Linkse ambtenaren en een malafide planbureau blokkeren kernenergie. Hoe lang nog?

zaterdag, 27 september 2025 (05:55) - Wynia's Week

In dit artikel:

Het voorstel: in elke Nederlandse provincie binnen korte tijd een Small Modular Reactor (SMR) laten plaatsen — besteld bij Rolls‑Royce (VK) — op een terrein van circa twee voetbalvelden. Volgens voorstanders zijn zulke kleine kernreactoren in ongeveer twee jaar bouwklaar, leveren ze zo’n zestig jaar stabiele, CO2‑vrije stroom en kunnen twaalf SMR’s samen de elektriciteitsvraag van circa vijf miljoen mensen dekken.
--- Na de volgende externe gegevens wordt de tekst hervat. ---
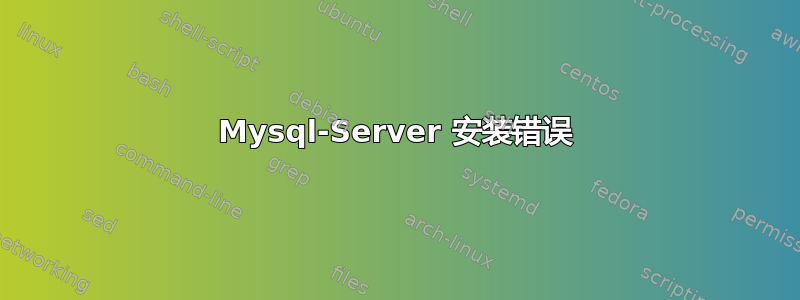 Mysql-Server 安装错误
Dat zou nieuwbouw en bedrijven weer makkelijker op het net aansluiten en, naar een eerste schatting, minstens €8 miljard besparen op netverzwaringen omdat SMR’s constante stoom leveren in tegenstelling tot variabele windenergie. Verder worden SMR’s in kosten per kW aantrekkelijker geacht dan offshore wind, en ze belasten natuur en fauna minder.
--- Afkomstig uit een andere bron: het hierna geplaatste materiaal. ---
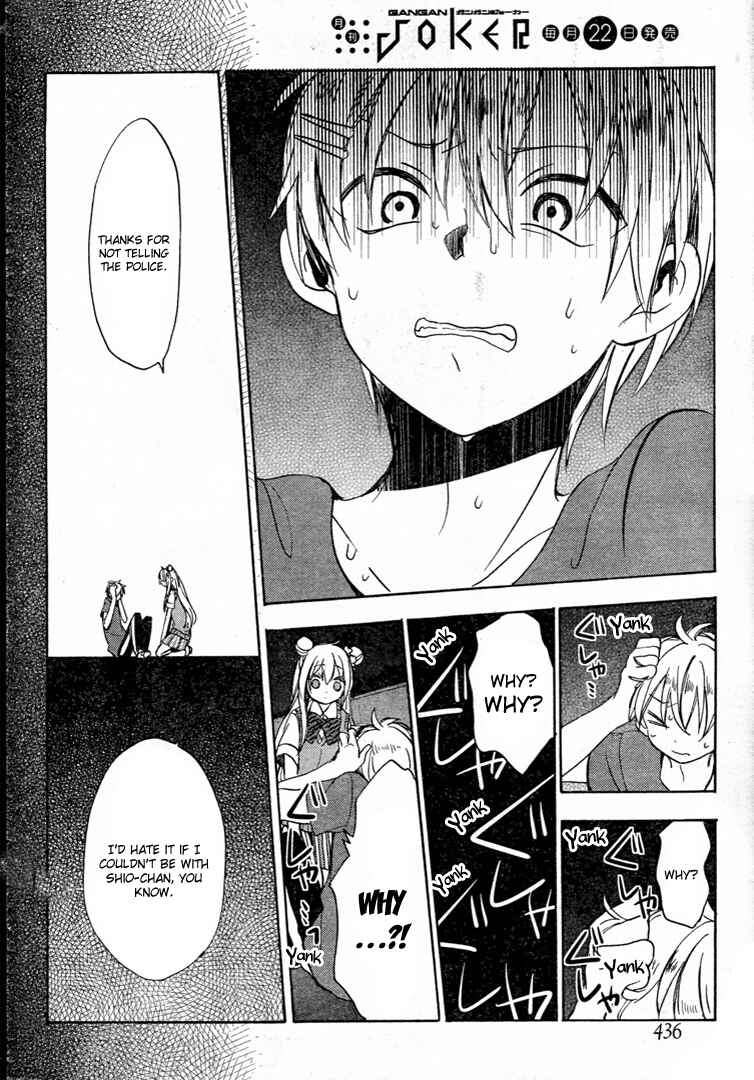 Page 16 Chapter 18 Happy Sugar Life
Wie en waarom tegenhouden: milieorganisaties zoals Greenpeace en Milieudefensie, activisten als Frans en Johan Vollenbroek, en volgens de columnist linkse ambtenaren en het Planbureau voor de Leefomgeving (PBL) hebben het dossier volgens hem effectief vertraagd of geblokkeerd. Minister Sophie Hermans (VVD) en meerdere coalitiepartijen stonden in hun verkiezingsprogramma’s positief tegenover meer kernenergie en zelfs SMR’s, maar politieke wil botst met ambtelijke terughoudendheid en juridische dreigingen van milieuclubs. Greenpeace en Milieudefensie lieten een adviesbureau (Kalavasta) onderzoeken wat haalbaar is en signaleerden dat nieuwe kerncentrales — groot of klein — niet vóór 2030 operationeel kunnen zijn; dat rapport en dreigende procedures zouden de besluitvorming remmen.

Tijdpad en procedures: ambtelijk advies in september 2024 bepleitte vooral simulaties en stakeholderoefeningen; een nationale visie wordt pas voor 2026 voorzien. Concrete keuzes over locaties, kosten en verantwoordelijkheden ontbreken nog. Het PBL waarschuwt mede op basis van lange vergunningstrajecten dat SMR’s ook tot 2040 weinig verschil zullen maken — een inschatting die de columnist als bureaucratisch en politiek gemotiveerd bestempelt.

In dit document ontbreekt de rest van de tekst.